That mysterious man Ron Goodden is at it again, getting his letter (Let Israel be Iraq's guide) published in the SCMP.  Yet again there is no apparent connection with Hong Kong, and Mr Goodden lives in Atlanta, Georgia - which wasn't anywhere near Hong Kong last time I checked.

It's not as if the SCMP had a prestigious letter column where world issues are debated - it's either about Hong Kong issues or by Hong Kong people, so a letter like this is distinctly out of place.  I suppose what it comes to is that they'll publish any old rubbish to fill up the space.

Yes, I know, but before I ever thought of doing a blog, I considered a website devoted entirely the weird and wonderful letters published in the SCMP.  So it could have been much worse.


BBC free?

The BBC has made an interesting announcement:

Hundreds of episodes of BBC programmes will be made available for free on a file-sharing network for the first time, the corporation has announced.

The move follows a deal between the commercial arm of the organisation, BBC Worldwide, and technology firm Azureus.

The agreement means that users of Azureus' Zudeo software in the US can download titles such as Little Britain.

The headline says said "free", but the story seems to contradict this: 

No pricing structure for the BBC content on Zudeo has been revealed.

It seems rather unlikely that the BBC would make Little Britain available for free when they are also selling DVDs commercially.  There's also a press release from Azureus that talks about 'premium content', which is usually code for charging money.  I think the confusion may have arisen because Azureus developed a BitTorrent client, which some naughty people may have used to download programmes illegally.  The latest idea is to use the same infrastructure to sell content, though it remains to be seen whether this will work. 

UPDATE: They have changed it so that it no longer says 'for free'.  Whilst they're correcting errors, shouldn't it be "Azureus's Zudeo software"?  And I hope that's the last time I have to type those horrible names...

As usual, it seems that this will be limited to users in the USA, at least initially.  Viewers in the UK can already access many BBC programmes from the BBC website (for free).  And Hong Kong?  I'm not holding my breath.   


Beware of the leopard

One of the better jokes in the Hitchhiker's Guide to the Galaxy is when Arthur Dent is informed that the plans for the (imminent) destruction of Earth were on display for nine months and no-one objected.  It seems that the something similar happened with the government's plan to demolish the Star Ferry Pier. After they started knocking it down, the  protests started, so the government pointed out that this had been planned for a long time and they had even been through one of their famous "consultation" exercises.  No-one had objected, and now it was too late.
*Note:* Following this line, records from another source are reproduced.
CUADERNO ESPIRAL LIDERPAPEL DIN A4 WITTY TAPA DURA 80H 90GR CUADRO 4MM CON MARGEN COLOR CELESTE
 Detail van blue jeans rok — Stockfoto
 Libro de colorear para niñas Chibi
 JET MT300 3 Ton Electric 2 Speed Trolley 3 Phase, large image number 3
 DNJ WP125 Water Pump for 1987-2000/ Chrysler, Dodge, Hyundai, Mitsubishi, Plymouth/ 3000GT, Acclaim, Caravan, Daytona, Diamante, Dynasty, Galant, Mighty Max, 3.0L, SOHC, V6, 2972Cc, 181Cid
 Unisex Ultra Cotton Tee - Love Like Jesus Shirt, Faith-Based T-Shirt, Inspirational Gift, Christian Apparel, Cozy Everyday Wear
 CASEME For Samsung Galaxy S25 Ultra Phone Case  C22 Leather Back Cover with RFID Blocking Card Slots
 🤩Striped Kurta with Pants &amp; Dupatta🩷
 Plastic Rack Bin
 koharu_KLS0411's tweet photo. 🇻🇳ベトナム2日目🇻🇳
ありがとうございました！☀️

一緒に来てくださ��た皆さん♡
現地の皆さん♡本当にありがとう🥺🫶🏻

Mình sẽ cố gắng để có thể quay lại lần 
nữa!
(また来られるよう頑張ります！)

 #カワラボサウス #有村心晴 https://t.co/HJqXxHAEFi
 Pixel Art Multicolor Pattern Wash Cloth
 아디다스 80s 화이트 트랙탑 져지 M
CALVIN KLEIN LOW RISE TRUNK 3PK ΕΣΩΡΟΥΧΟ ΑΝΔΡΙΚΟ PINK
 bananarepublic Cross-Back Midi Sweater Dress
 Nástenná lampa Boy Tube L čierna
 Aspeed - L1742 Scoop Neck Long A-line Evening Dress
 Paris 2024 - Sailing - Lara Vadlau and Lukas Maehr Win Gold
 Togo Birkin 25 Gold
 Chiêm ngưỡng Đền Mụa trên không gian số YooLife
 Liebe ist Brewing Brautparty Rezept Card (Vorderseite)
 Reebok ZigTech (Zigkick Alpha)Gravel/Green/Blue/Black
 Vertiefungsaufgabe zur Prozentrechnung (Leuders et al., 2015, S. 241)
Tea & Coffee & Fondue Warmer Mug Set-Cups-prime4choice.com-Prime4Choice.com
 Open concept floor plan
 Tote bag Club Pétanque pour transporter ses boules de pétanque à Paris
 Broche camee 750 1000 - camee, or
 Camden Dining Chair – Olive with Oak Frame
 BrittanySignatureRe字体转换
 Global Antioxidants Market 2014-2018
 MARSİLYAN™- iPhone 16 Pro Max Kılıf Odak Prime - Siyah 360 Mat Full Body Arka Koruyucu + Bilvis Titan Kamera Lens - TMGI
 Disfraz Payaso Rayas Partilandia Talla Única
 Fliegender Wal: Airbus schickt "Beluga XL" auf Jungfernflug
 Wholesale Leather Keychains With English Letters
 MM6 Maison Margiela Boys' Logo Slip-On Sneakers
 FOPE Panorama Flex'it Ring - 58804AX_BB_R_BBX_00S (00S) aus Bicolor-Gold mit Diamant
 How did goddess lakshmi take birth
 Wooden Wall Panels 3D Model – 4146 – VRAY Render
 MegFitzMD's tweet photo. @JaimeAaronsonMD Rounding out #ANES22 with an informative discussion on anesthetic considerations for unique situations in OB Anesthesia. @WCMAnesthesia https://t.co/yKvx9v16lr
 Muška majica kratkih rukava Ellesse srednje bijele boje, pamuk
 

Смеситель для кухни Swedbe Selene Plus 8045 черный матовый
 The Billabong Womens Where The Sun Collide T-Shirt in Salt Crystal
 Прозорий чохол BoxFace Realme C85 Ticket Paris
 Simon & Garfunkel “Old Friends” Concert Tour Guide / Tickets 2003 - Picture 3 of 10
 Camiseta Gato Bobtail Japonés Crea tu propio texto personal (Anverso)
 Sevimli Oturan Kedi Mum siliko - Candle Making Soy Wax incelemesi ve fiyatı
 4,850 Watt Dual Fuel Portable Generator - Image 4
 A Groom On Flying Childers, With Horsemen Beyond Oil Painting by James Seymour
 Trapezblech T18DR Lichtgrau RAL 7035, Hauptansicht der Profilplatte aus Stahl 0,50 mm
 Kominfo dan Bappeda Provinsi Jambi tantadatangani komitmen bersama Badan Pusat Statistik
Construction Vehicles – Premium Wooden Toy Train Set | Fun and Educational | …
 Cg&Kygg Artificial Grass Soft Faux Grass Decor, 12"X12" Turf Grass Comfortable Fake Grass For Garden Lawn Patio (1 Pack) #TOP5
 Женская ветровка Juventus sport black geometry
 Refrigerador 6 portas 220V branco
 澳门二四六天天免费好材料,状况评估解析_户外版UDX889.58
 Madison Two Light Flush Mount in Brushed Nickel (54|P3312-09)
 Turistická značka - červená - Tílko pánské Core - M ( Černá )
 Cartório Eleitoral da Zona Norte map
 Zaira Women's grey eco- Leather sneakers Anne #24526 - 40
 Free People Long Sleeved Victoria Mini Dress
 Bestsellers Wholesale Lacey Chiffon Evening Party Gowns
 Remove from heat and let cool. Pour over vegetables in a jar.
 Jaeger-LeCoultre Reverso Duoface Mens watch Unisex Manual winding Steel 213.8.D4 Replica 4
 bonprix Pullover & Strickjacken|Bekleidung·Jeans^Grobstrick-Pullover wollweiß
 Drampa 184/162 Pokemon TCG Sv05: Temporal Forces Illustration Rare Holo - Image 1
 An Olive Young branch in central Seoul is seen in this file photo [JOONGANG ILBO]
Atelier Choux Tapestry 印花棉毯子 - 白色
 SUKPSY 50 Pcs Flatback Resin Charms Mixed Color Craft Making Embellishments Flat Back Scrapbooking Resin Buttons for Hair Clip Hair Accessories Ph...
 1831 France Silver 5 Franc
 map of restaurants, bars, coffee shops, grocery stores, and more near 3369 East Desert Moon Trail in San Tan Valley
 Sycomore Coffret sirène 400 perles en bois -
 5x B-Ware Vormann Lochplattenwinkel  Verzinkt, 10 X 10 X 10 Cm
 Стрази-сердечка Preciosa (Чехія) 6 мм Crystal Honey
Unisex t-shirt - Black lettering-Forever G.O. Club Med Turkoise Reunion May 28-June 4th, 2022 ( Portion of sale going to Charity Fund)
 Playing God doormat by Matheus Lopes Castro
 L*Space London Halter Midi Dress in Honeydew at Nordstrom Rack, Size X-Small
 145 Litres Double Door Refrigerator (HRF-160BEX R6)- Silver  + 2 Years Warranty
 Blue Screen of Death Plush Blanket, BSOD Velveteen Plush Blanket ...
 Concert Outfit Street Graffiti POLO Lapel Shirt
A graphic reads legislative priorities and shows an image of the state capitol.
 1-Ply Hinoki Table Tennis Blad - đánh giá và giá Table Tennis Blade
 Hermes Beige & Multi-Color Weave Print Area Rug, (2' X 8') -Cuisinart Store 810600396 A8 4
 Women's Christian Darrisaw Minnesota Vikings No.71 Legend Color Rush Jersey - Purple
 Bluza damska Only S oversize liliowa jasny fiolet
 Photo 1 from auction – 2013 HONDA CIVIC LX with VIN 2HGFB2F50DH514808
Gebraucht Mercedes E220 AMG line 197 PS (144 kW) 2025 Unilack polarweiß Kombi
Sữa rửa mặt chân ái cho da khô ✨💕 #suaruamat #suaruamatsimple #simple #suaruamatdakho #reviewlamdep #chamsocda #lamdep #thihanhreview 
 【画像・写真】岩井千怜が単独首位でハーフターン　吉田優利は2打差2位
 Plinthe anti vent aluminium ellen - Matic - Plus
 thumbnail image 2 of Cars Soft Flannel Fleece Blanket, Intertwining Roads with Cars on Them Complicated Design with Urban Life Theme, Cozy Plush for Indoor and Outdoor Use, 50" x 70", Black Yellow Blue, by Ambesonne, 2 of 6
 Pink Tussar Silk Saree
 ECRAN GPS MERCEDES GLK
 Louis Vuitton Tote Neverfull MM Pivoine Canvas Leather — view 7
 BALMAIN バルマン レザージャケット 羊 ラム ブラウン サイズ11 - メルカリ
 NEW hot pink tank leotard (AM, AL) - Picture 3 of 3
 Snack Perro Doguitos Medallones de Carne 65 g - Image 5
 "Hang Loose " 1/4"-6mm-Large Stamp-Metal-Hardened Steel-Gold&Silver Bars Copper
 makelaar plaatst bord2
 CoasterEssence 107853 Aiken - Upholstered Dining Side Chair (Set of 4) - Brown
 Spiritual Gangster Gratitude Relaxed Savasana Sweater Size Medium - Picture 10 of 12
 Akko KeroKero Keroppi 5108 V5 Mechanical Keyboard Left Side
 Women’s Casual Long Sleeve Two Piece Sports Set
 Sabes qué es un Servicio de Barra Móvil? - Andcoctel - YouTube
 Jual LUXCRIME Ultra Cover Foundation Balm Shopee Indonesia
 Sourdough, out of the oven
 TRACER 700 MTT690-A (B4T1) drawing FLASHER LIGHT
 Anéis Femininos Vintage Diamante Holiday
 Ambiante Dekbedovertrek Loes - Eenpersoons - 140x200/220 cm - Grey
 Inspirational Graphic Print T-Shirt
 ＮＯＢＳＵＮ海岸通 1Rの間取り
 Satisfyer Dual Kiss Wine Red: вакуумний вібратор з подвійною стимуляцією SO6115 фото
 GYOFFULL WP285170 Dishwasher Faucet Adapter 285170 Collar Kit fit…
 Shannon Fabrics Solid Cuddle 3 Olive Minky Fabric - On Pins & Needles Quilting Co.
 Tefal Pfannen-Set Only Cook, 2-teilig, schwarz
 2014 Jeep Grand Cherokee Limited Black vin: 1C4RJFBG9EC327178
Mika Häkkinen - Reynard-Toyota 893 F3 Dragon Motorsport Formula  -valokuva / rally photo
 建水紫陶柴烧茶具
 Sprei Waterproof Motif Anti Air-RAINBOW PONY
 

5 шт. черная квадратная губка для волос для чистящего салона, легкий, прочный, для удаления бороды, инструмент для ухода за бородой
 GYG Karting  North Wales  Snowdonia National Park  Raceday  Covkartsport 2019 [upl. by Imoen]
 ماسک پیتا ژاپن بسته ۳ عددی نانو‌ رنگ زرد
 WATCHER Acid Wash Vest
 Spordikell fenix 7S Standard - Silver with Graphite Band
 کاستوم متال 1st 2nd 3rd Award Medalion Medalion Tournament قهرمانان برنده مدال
Of course these plans weren't actually on display in the bottom of a locked filing cabinet stuck in a disused lavatory with a sign on the door saying 'Beware of the Leopard', but the effect seems to have been much the same. 

Which is strange really, because you'd think that the opening of a new ferry pier (and all the talk about reclamation) would have been a pretty big clue that the old ferry pier would soon be gone. However, when the demolition work started the protestors arrived, and (as the SCMP explained last week) the government should have expected this:

For five years it has been in possession of a study of the historic value of the Star Ferry and adjacent Queen's piers, as part of an environmental impact assessment of the reclamation. The report describes the Star Ferry pier as a building of great significance in the city's transport history, and predicts accurately that its destruction would "likely raise public objection and dismay".

The few members of the public who had read the report could be excused for naively believing the piers would be preserved. But reading the report was easier said than done, until conservationists resurrected a copy this week in a last-ditch attempt at preservation.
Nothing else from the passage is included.